Sunday, 3 March 2013

Brief 7 Geek Table

Each week each member of the Geek Table is producing a piece of work based arounf a theme which fits with your 'geekness' or strength.  Mine is Concept development/ideas.

The first week was to come up with a representation of your super power.  I did a theme around ideas brewing which I though fitted nicely with GD generally as most designers love tea.

The second week the theme chosen is 'In the zone' with the restriction of using orange plus stock

In the Zone has a psychological term called 'flow'. Flow is the mental state of operation in which a person performing an activity is fully immersed in a feeling of energized focus, full involvement, and enjoyment in the process of the activity.

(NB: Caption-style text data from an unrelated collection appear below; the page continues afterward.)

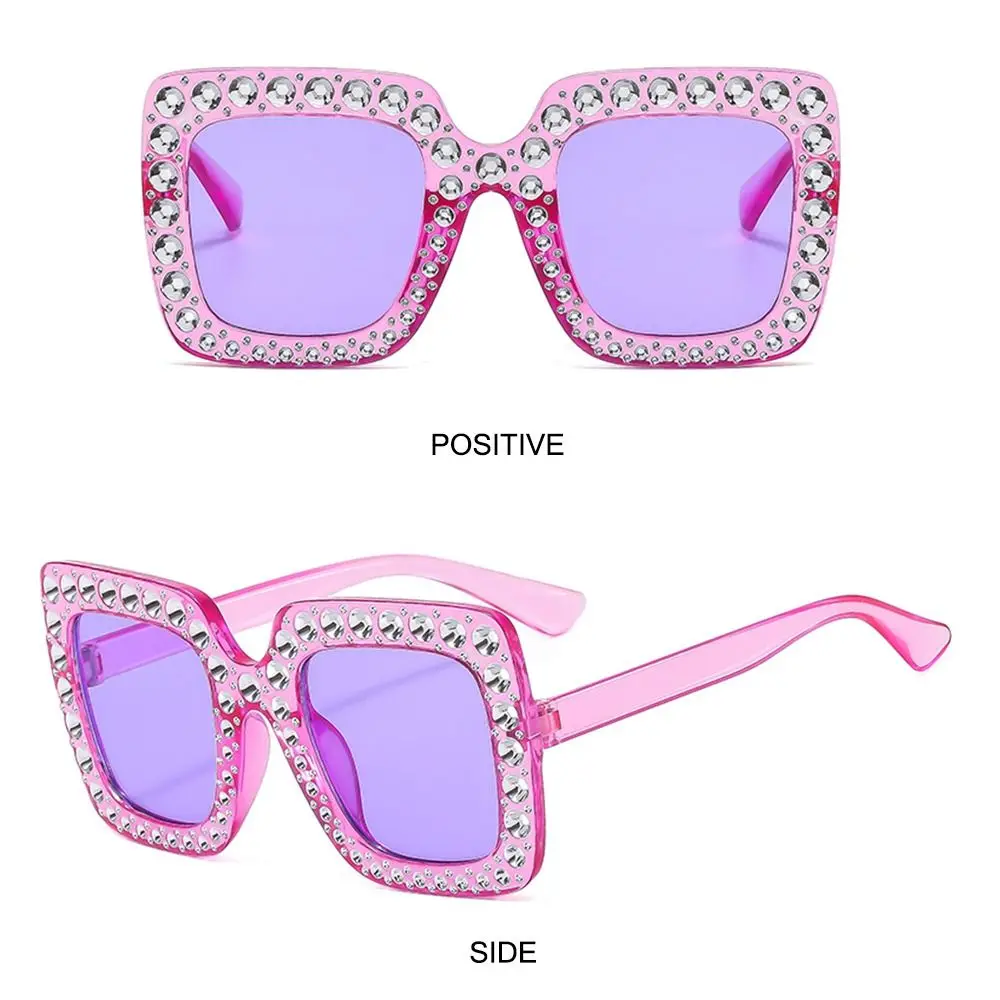 Kristall Kinder Sonnenbrille Kinder Strass Quadrat Diamant Sonnenbrille Retro funkelnde Brille für Mädchen – Detail 21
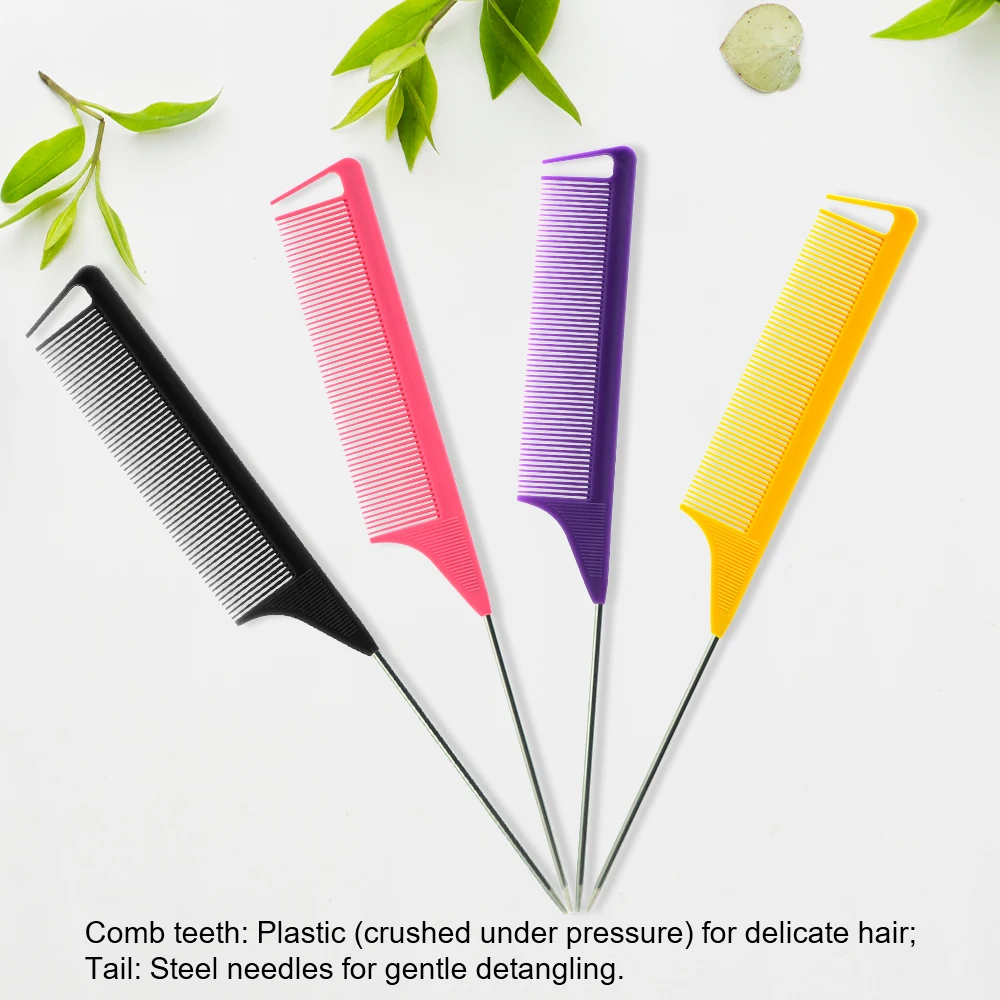 Pro Pointed Tail Salon Hairdressing Hair Styling Anti-static Comb Hair Brush Steel Needle Pin Rat Tail Combs Barber Accessories - Image 6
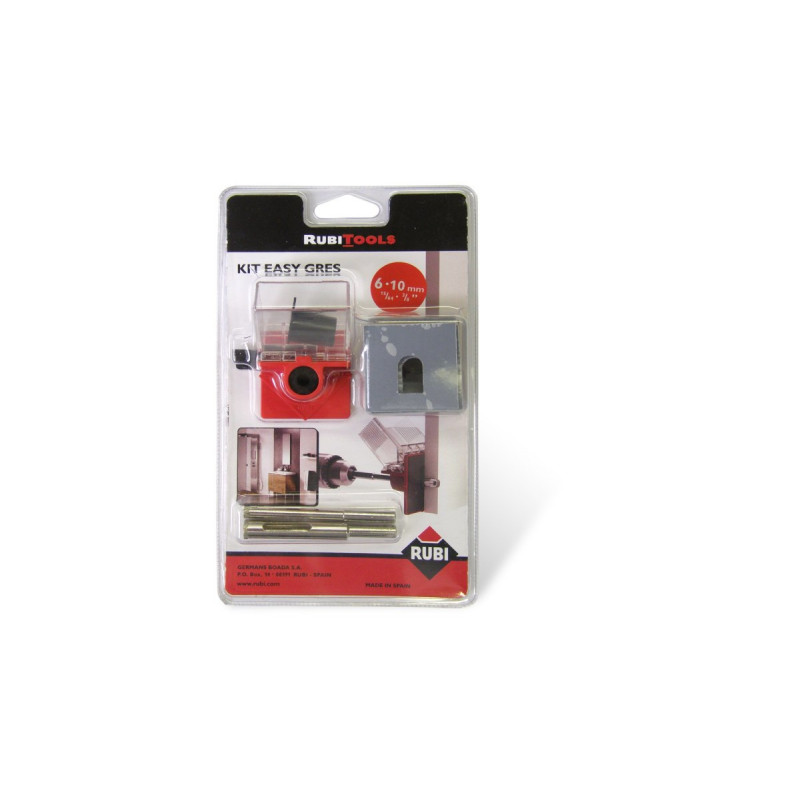 Набір Easy Gres: 2 алмазні свердла для керамічної плитки 6 мм та 10 мм + напрямна з резервуаром для води, Rubi [0491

In essence, flow is characterized by complete absorption in what one does. Proposed by Mihály Csíkszentmihályi, the positive psychology concept has been widely referenced across a variety of fields.[1] According to Csikszentmihalyi, flow is completely focused motivation. It is a single-minded immersion and represents perhaps the ultimate experience in harnessing the emotions in the service of performing and learning. In flow, the emotions are not just contained and channeled, but positive, energized, and aligned with the task at hand. To be caught in the ennui of depression or the agitation of anxiety is to be barred from flow. The hallmark of flow is a feeling of spontaneous joy, even rapture, while performing a task[2] although flow is also described (below) as a deep focus on nothing but the activity – not even oneself or one's emotions.

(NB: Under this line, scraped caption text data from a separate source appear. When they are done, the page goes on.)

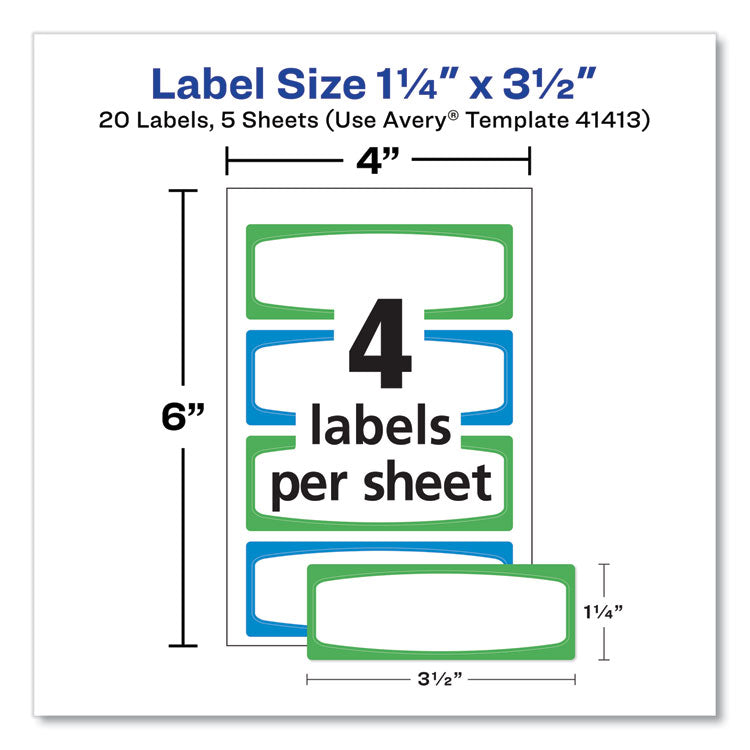 Avery® Avery Kids Handwritten Identification Labels, 3.5 x 1.25, Assorted Border Colors, 4 Labels/Sheet, 5 Sheets/Pack (AVE41413)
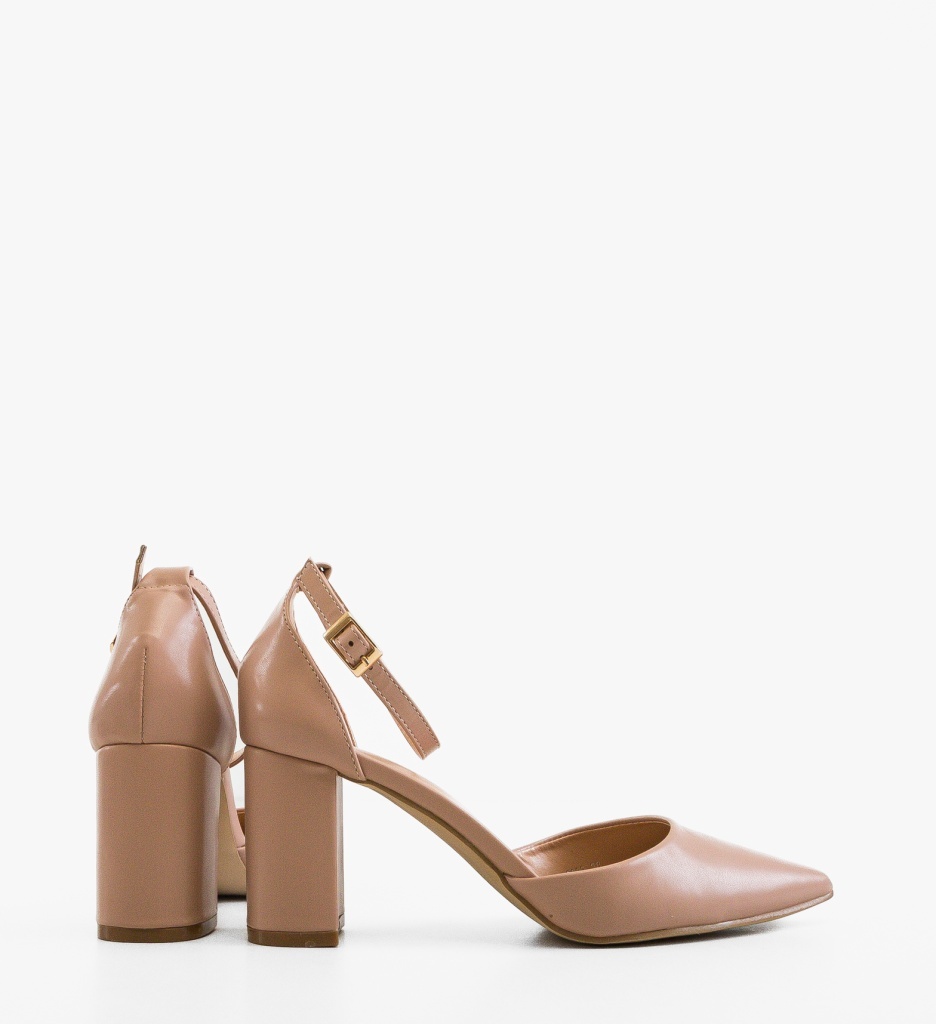Pantofi Dama Jalapen Nude Eleganți cu Toc - imagine 5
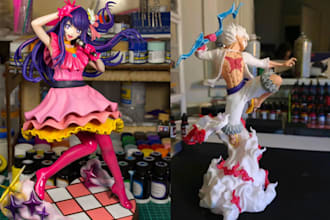 3d print and paint action figure, miniature, anime statues, tabletop resin print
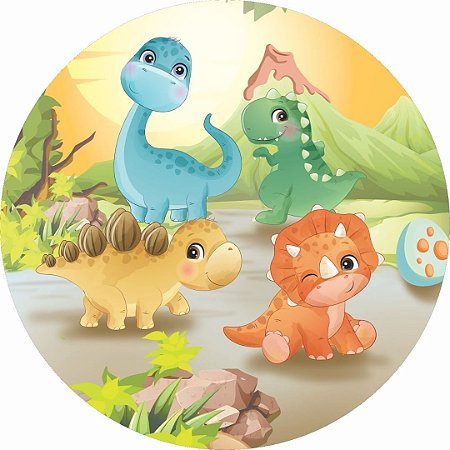 Painel Redondo Tecido Sublimado 3D Dino Baby WRD-1645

Buzz terms for this or similar mental states include: to be in the moment, present, in the zone, on a roll, wired in, in the groove, on fire, in tune, centered, or singularly focused.

Components of flow Nakamura and Csíkszentmihályi identify the following six factors as encompassing an experience of flow.

  • intense and focused concentration on the present moment
  • merging of action and awareness
  • a loss of reflective self-consciousness
  • a sense of personal control or agency over the situation or activity
  • a distortion of temporal experience, one's subjective experience of time is altered
  • experience of the activity as intrinsically rewarding, also referred to as autotelic experience

Those aspects can appear independently of each other, but only in combination they constitute a so-called flow experience.